La storia del voto in condotta comincia il 31 ottobre 2008, più di sei mesi fa, quando, a firma del ministro Mariastella Gelmini, viene pubblicata sulla Gazzetta Ufficiale la legge con la quale tale voto di condotta diventa uno strumento nelle mani di chi vuole bocciare uno studente: con il 5 non si è ammessi all’anno successivo.
Naturalmente è una bomba. Prima di tutto perché non si è mai visto, nella storia della scuola pubblica italiana, un voto in condotta inferiore al 6; e quindi perché nessuno (nessun insegnante, nessun dirigente scolastico, nessun ispettore) ha la più pallida idea di quali siano i criteri per l’assegnazione di questo 5 in condotta. E infatti tutti aspettano circolari ministeriali che chiariscano. Ma le circolari non arrivano o arrivano tardissimo. Si procede, ogni scuola autonomamente, e si fa quel che si può, abbandonati a se stessi. Qualche 5 ci scappa, ma sembra poca roba (5 casi su oltre 1100 studenti nella mia scuola).

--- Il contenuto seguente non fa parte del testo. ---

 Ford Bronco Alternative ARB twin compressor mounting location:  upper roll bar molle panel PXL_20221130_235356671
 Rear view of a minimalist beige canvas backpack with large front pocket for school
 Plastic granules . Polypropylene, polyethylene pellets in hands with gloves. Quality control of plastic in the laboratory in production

Ma quando arriva la fine di gennaio, periodo di scrutinii intermedi, scoppia la seconda bomba: il ministro Gelmini annuncia che il voto in condotta farà media. Cioè conterà per l’ammissione all’esame di maturità e per l’assegnazione del credito formativo. È un misura presa perché si deve tornare a «una scuola del rigore», dice lei; ma naturalmente tutti coloro che a scuola ci stanno e ci lavorano sanno benissimo che l’effetto sarà l’esatto contrario: il voto di condotta, attribuito secondo criteri che nessuno ha mai fornito, alzerà la media alla quasi totalità degli studenti, perché normalmente è un 8, più raramente un 7, quasi un mai un 6… Si sarà più facilmente ammessi all’esame di maturità; si otterranno più crediti formativi senza studiare nemmeno una pagina in più. Anzi, a ben vedere, studiando di meno.

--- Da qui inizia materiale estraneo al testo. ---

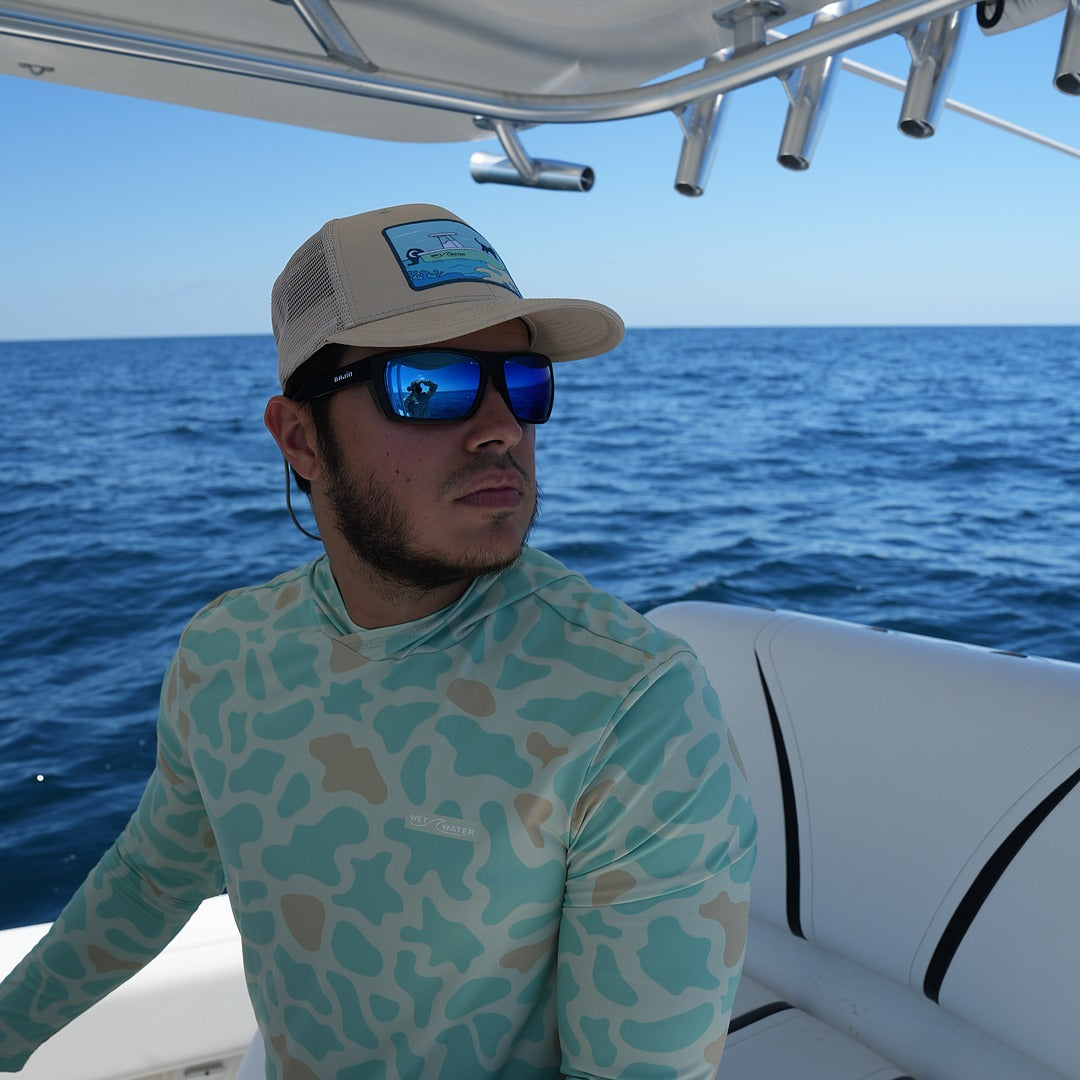 Man seated on a boat in the Wet Water Offshore Original Hoodie, cap and sunglasses — front view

Comincia a serpeggiare la sensazione che il ministro Gelmini non abbia affatto le idee chiare, insomma. E la sensazione diventa certezza poche settimane dopo: il 2 marzo tutti i quotidiani on line hanno lo stesso identico strillo in homepage: è una pioggia di cinque in condotta. Poi, uno dà un’occhiata appena un po’ più attenta ai numeri e si rende conto che non c’è nessuna pioggia, in realtà; solo qualche goccia sparuta che non sa nemmeno se cadere davvero. Perché il 5 in condotta riguarda appena l’1,2 per cento degli studenti; e solo per lo 0,3% degli studenti italiani è un voto che abbassa la media. Al restante 0,9% la alza pure: perché sarebbero bocciati comunque, perché hanno pagelle piene di 3 e di 4 in tutte le materie. Ma è solo il primo quadrimestre e i numeri cambieranno.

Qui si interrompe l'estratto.